Les seuils d’effectif permettent de soumettre ou non une entreprise à des obligations et à divers régimes juridiques adaptés à la taille de l’entreprise. L’ensemble est très hétérogène puisqu’il y a plus de 199 seuils disséminés dans la législation française. La loi PACTE vient uniformiser et harmoniser une partie des règles applicables. Pour ce faire, elle rationalise et unifie différents seuils, elle prévoit un nouveau mécanisme de décompte des effectifs et d’atténuation des franchissements de seuil.

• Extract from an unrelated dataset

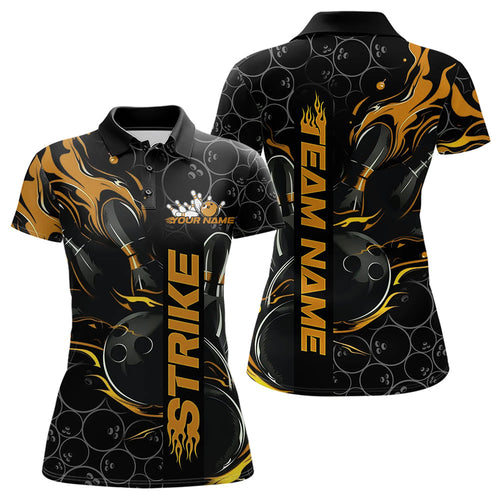 Custom Black And Gold Flame Strike Bowling Team Womens Polo Shirt, Strike Bowling Jerseys IPHW8614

Adoptée définitivement le 11 avril 2019 par l’Assemblée Nationale et publiée au Journal officiel le 23 mai 2019, la loi PACTE (Plan d’action pour la croissance et la transformation des entreprises : Loi n° 2019-486 du 22 mai 2019 relative à la croissance et la transformation des entreprises – voir le lien) comporte de nombreuses mesures touchant les entreprises qui sont donc, pour certaines, déjà entrées en vigueur. Riche de 221 articles avant son passage devant le Conseil constitutionnel, cette réforme d’envergure ambitionne, selon le Ministre de l’Économie et des Finances M. Bruno Lemaire, de donner aux entreprises les moyens d’innover, de se transformer, de grandir et de créer des emplois. Le législateur entend ainsi faciliter la vie des entreprises et les « libérer » comme le souligne les intitulés de la loi. C’est dans cette optique que le législateur a réformé les seuils d’effectif applicables aux entreprises françaises.

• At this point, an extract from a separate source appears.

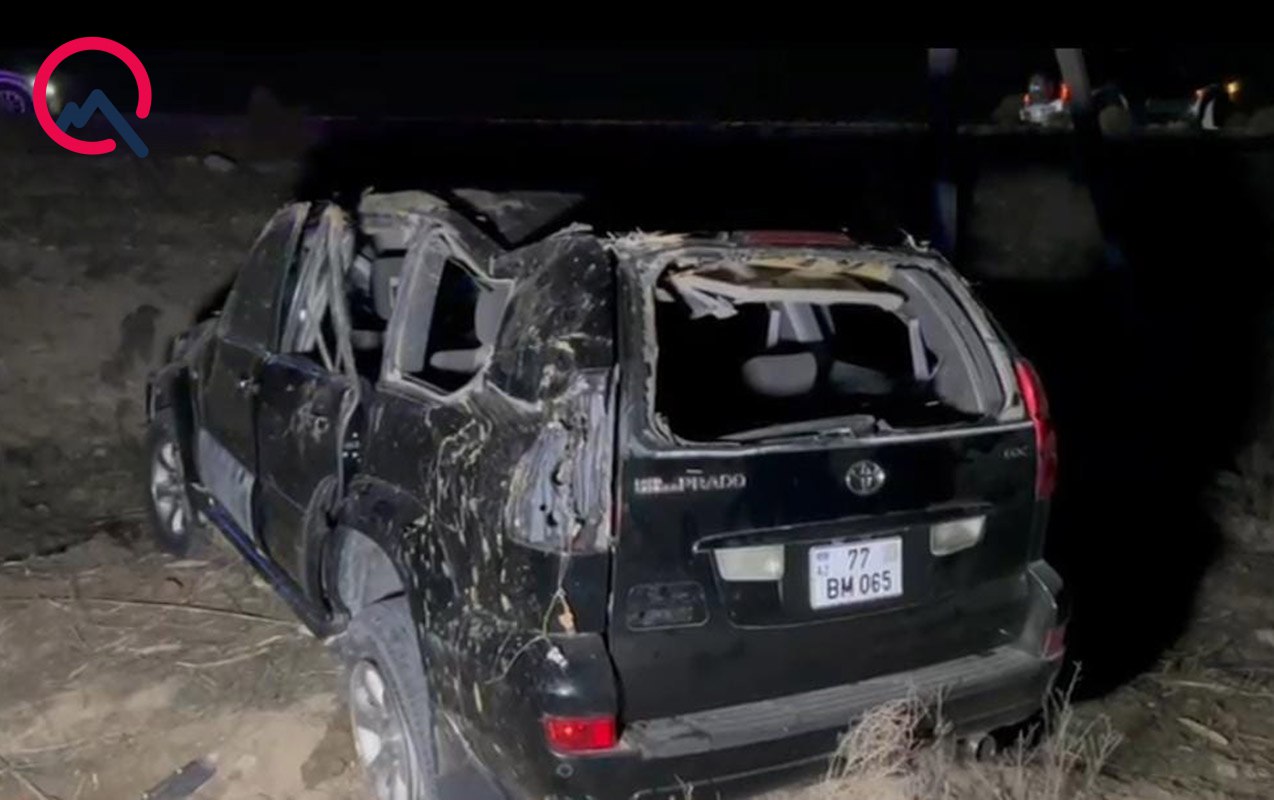 Kürdəmirdə &ldquo;Prado&rdquo; aşdı - 4 nəfər xəsarət aldı - FOTO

Il s’agit de l’une des mesures phares de la loi PACTE (Art. 11 et 12) qui prévoit 3 modifications d’ampleur : limiter le nombre de seuils à trois niveaux de 11, 50 et 250 salariés, harmoniser les modalités d’appréciation des effectifs et enfin prévoir un mécanisme uniforme d’atténuation des effets de seuil à la suite d’un franchissement des seuils d’effectif. Cette réforme devrait contribuer à la croissance des entreprises et favoriser la création d’emploi tout en libérant, une fois encore, les entreprises de certaines obligations. Toutefois, l’efficacité du nouveau dispositif sur l’emploi est, selon certains auteurs, à relativiser (V. not. P. Lokiec, « Coup de griffe sur les seuils sociaux », Dr. Social, 2019, p. 6). L’étude d’impact le révèle elle-même en annonçant que « l’effet de l’extension des dispositifs de passage de seuil sur l’emploi n’a pas été évalué, mais ceux-ci seraient créateurs d’emplois ». En revanche, il est évident que cette refonte d’envergure va simplifier et harmoniser de très nombreux dispositifs existants et surtout les rendre plus lisibles. Cependant, la simplification ne devrait pas être aisée dans les premiers mois d’application des nouvelles règles car l’harmonisation va aussi modifier le fonds du droit. En effet, la détermination et le franchissement des seuils d’effectif ont des conséquences importantes puisqu’ils conditionnent l’application de certains régimes juridiques et obligations tout en proportionnant les contraintes administratives ou financières à la taille des entreprises. Ces seuils d’effectif se rencontrent ainsi dans des domaines divers comme le droit des sociétés, le droit social ou encore le droit fiscal.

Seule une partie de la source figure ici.